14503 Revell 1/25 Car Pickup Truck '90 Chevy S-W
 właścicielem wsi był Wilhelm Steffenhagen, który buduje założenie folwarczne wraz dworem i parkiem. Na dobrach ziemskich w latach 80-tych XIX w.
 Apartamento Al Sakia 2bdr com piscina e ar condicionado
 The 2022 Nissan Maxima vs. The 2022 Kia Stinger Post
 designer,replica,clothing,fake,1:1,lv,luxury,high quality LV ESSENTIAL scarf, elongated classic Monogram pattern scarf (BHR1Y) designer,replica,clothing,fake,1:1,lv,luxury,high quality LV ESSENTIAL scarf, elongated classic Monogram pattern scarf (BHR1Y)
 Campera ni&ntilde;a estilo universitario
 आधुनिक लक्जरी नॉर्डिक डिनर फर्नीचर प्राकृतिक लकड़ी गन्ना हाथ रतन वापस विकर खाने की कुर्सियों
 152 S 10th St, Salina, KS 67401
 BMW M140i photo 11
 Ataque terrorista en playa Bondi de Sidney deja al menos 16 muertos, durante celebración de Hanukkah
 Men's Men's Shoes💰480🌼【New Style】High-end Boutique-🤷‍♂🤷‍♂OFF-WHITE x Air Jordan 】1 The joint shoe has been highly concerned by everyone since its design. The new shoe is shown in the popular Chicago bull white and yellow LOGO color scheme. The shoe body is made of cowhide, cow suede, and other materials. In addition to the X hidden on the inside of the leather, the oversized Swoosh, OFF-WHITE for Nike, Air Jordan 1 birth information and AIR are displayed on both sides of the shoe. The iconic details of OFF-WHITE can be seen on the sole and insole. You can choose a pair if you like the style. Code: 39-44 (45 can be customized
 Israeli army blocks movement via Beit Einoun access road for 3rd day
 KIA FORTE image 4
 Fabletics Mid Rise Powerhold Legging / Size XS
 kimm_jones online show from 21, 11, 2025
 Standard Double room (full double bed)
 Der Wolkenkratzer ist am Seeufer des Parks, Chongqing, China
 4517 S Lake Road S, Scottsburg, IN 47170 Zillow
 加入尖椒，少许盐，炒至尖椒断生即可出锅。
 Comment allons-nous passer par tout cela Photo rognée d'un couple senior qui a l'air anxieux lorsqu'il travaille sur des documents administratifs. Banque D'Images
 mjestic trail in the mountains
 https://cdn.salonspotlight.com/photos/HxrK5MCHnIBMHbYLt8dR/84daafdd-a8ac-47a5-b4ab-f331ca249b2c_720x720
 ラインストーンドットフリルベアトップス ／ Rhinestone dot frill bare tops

= = = = =

WHAT IS NEEDED: Faithfully transcribe the whole of the data.

WRITTEN RESPONSE:
14503 Revell 1/25 Car Pickup Truck '90 Chevy S-W
 właścicielem wsi był Wilhelm Steffenhagen, który buduje założenie folwarczne wraz dworem i parkiem. Na dobrach ziemskich w latach 80-tych XIX w.
 Apartamento Al Sakia 2bdr com piscina e ar condicionado
 The 2022 Nissan Maxima vs. The 2022 Kia Stinger Post
 designer,replica,clothing,fake,1:1,lv,luxury,high quality LV ESSENTIAL scarf, elongated classic Monogram pattern scarf (BHR1Y) designer,replica,clothing,fake,1:1,lv,luxury,high quality LV ESSENTIAL scarf, elongated classic Monogram pattern scarf (BHR1Y)
 Campera ni&ntilde;a estilo universitario
 आधुनिक लक्जरी नॉर्डिक डिनर फर्नीचर प्राकृतिक लकड़ी गन्ना हाथ रतन वापस विकर खाने की कुर्सियों
 152 S 10th St, Salina, KS 67401
 BMW M140i photo 11
 Ataque terrorista en playa Bondi de Sidney deja al menos 16 muertos, durante celebración de Hanukkah
 Men's Men's Shoes💰480🌼【New Style】High-end Boutique-🤷‍♂🤷‍♂OFF-WHITE x Air Jordan 】1 The joint shoe has been highly concerned by everyone since its design. The new shoe is shown in the popular Chicago bull white and yellow LOGO color scheme. The shoe body is made of cowhide, cow suede, and other materials. In addition to the X hidden on the inside of the leather, the oversized Swoosh, OFF-WHITE for Nike, Air Jordan 1 birth information and AIR are displayed on both sides of the shoe. The iconic details of OFF-WHITE can be seen on the sole and insole. You can choose a pair if you like the style. Code: 39-44 (45 can be customized
 Israeli army blocks movement via Beit Einoun access road for 3rd day
 KIA FORTE image 4
 Fabletics Mid Rise Powerhold Legging / Size XS
 kimm_jones online show from 21, 11, 2025
 Standard Double room (full double bed)
 Der Wolkenkratzer ist am Seeufer des Parks, Chongqing, China
 4517 S Lake Road S, Scottsburg, IN 47170 Zillow
 加入尖椒，少许盐，炒至尖椒断生即可出锅。
 Comment allons-nous passer par tout cela Photo rognée d'un couple senior qui a l'air anxieux lorsqu'il travaille sur des documents administratifs. Banque D'Images
 mjestic trail in the mountains
 https://cdn.salonspotlight.com/photos/HxrK5MCHnIBMHbYLt8dR/84daafdd-a8ac-47a5-b4ab-f331ca249b2c_720x720
 ラインストーンドットフリルベアトップス ／ Rhinestone dot frill bare tops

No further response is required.